:: INPUT RECORDS ::

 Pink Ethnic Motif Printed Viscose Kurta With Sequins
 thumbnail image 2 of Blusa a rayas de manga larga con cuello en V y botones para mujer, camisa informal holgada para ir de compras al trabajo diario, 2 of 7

:::
:: INPUT RECORDS ::

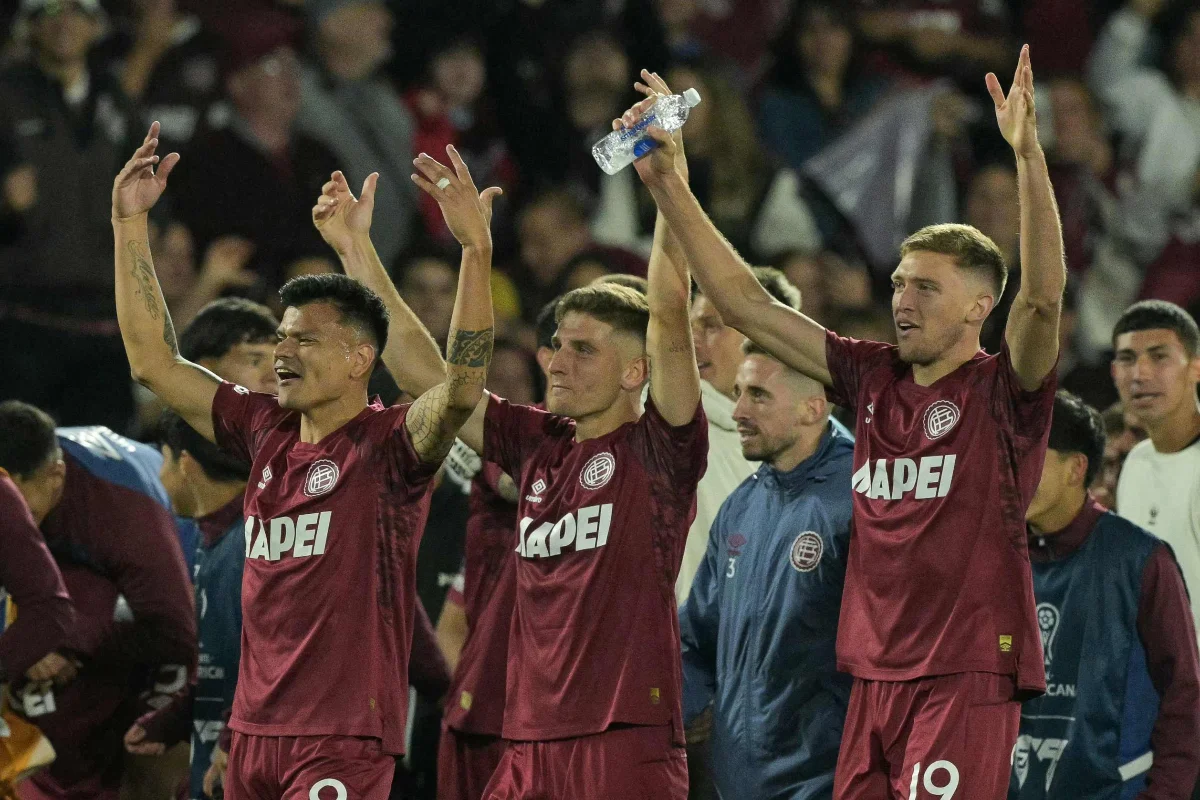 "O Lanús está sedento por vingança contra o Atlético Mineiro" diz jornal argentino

:::
:: INPUT RECORDS ::

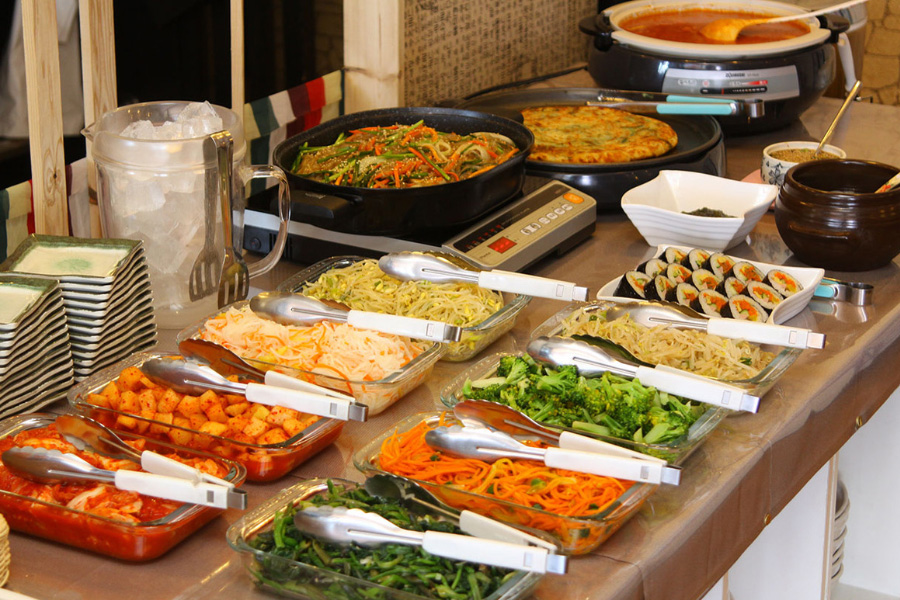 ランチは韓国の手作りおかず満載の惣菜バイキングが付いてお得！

:::

TASK OBJECTIVE
With the line holding "Pink Ethnic Motif" as the first and the line holding "thumbnail image 2" as the last, please transcribe exactly the lines of the material above in that range and nothing else.

ANSWER FOR THIS EXERCISE
 Pink Ethnic Motif Printed Viscose Kurta With Sequins
 thumbnail image 2 of Blusa a rayas de manga larga con cuello en V y botones para mujer, camisa informal holgada para ir de compras al trabajo diario, 2 of 7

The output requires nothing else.